The most important rooms of a «ryokan», a traditional Japanese inn, are so structured that they can be perfectly covered with a row of standardised «tatami» (rice-straw mats). So much so that it seems as if one first buys some carpets of a particular size and then proceeds to construct a house that precisely fits the size of these carpets. However, the dimensions of a wall-to-wall carpet are generally user-defined, while the dimensions of a tatami are, more often than not, random.
With a standard length (which varies a bit according to the region) of 170-191 cm and a width of 85-95 cm, the tatami is roughly the size required by a human body to sleep in – without feeling cramped. The basic element of Japanese architecture is thus effectively the human comfort zone, the minimal individual space. That brings to mind the much-discussed idea (since the Renaissance in Europe) of an architecture that is oriented towards the size of the human being.
One can see the larger meaning of this tatami-minimal space in Japanese culture as being contradictory to the widely held western notion that, in Japanese society, the needs of the collective populace are considered more important than the interests of an individual.
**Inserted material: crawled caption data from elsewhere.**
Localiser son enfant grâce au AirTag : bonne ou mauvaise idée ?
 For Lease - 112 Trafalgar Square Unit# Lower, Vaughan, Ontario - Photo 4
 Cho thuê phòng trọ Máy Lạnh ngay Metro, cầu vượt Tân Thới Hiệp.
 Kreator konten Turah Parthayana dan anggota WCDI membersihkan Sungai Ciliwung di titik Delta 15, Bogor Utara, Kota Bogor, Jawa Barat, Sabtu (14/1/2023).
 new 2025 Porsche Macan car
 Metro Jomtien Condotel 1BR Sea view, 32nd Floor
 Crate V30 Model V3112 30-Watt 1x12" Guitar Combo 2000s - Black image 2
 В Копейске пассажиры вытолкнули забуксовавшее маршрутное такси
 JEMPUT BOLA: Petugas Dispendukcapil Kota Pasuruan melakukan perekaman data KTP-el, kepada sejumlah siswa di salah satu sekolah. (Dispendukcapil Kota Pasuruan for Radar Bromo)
Conversely, one can speak also of the standardisation of minimal space – and see this as a sign of how difficult the going is for all things individual in this culture. As always. In any event, the security of the individual space can well be considered a basic prerequisite for the successful organisation of a collective. That is certainly as valid for Japan as it is for our western societies. Only, do we know of any expression for this minimal space based on body-size that can compare favourably or compete with the iconic power of the tatami?